The SSL sector is forecasted to experience long-term growth while being a sustainable and important diversification strategy for the semiconductor value chain. The LED subsector has roughly a 3% penetration rate, but is forecasted to see significant growth over the remainder of the decade. LEDs are taking a foothold in the market because this solution addresses both cost savings and environmental awareness.
Economic slowdowns and bottom-line impacts of a maturing industry have moved the semiconductor and electronics industry to aggressively diversify. Today's diversification strategies include branching into 'sister industries'; industries that can benefit from the process knowledge and equipment cross-overs that semi can offer. Perhaps the most robust 'sister industry' for semi and electronics is Green Tech (e.g., solar photovoltaics (PV), smart metering, demand management for electrical use, energy efficiency, alternative fuel and energy source management (from utilities to automotive), as well as the wide range of electronics recycling and safe waste disposal (reverse logistics)).

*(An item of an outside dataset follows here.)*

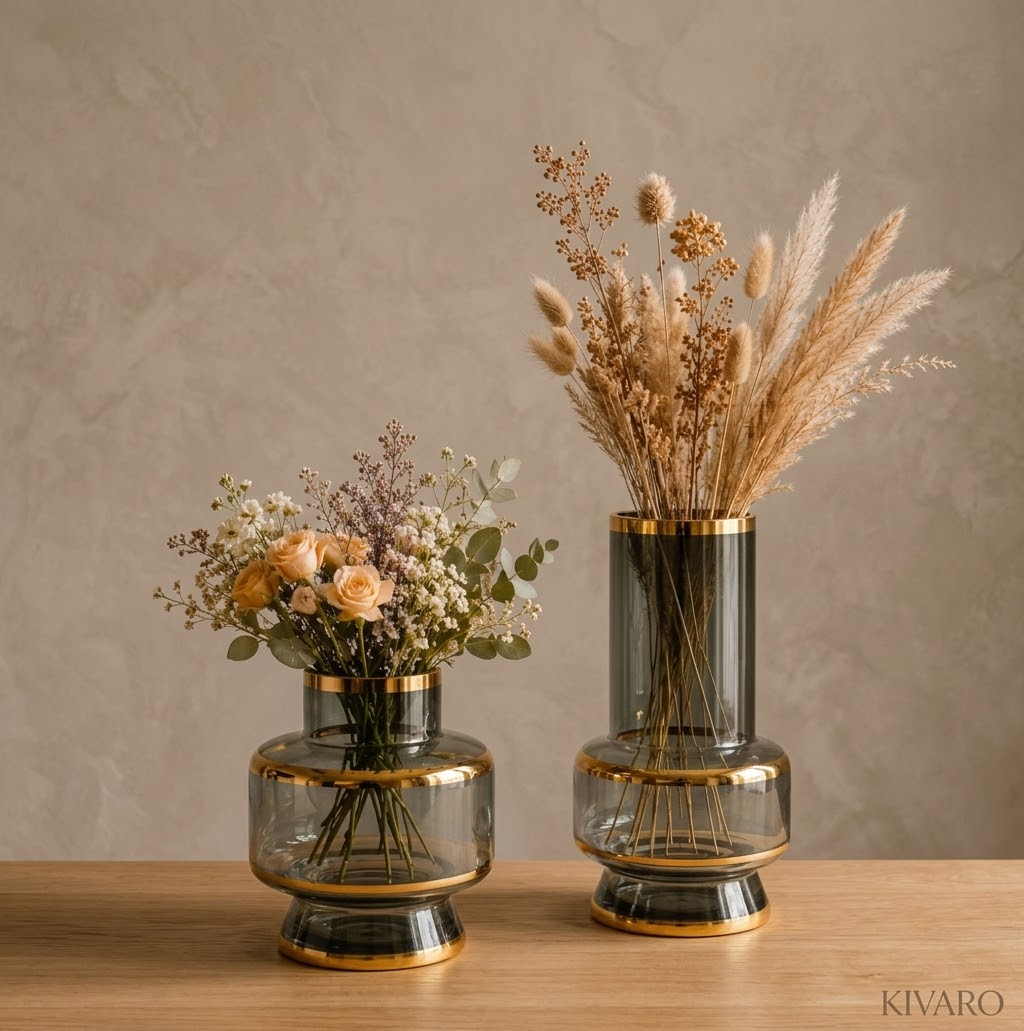 Obsidian & Gold Contour Glass Vase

In MarketWatch's previous Special Series article on Green Tech trends in semi, available here, we focused on recent changes in legislation effecting the semiconductor and electronics industries. This quarter, we turn our focus to the Green Tech lighting sector (Solid State Lighting (SSL) sector), which is seeing significant growth with long-term opportunities that are attracting more interest from the semiconductor value chain.
The SSL sector is forecasted to experience long-term growth while being a sustainable and important diversification strategy for those along the semiconductor value chain. Not only are there global demands and requirements for nations to reduce their carbon footprints, consumers and enterprises alike are also focused on reducing their energy consumption through trimming electrical use. Today's energy reduction strategies place the latest feature demand sets on electrical products squarely in semi's R&D court, requiring the value chain to provide new, reasonably priced and aggressive energy efficient solutions. These R&D and product opportunities are showing aggressively positive forecasts for sectors such as "LED lighting revenues to approach [US] $2 [billion] in 2017," as reported here by Electronics Weekly.
Solid State Lighting expansion
The SSL sector is not new to our industry, with light emitting diode (LED) lighting having been used in electronics for many, many years. What is new is the increased momentum around LEDs. LEDs are now being implemented as replacement lighting devices for traditional incandescent light bulbs and are aggressively challenging compact fluorescent lights (CFLs) and halogens due to LED pricing drops and increasingly available new form types (that is, shapes, watts, etc.) with improved color (see this report on GE's LED lighting from Electronics EETimes; here for news of Phillips LED lighting from CNET; and this recent article on LEDs and the related story on augmenting LED color from quantum dots from The Economist).
Importantly, the demand for energy efficient lighting solutions is a global demand issue with both mature and emerging economies requiring solutions for consumer and public needs. Furthermore, some emerging markets, like India, require current-variable lighting solutions due to power grid fluctuations; SSL provides just these types of solutions. The end result is rapid development of new designs with falling ASPs due to the broad-based demand (both economies of scale and the requirement of lower pricing to meet price points that meet emerging economies' needs).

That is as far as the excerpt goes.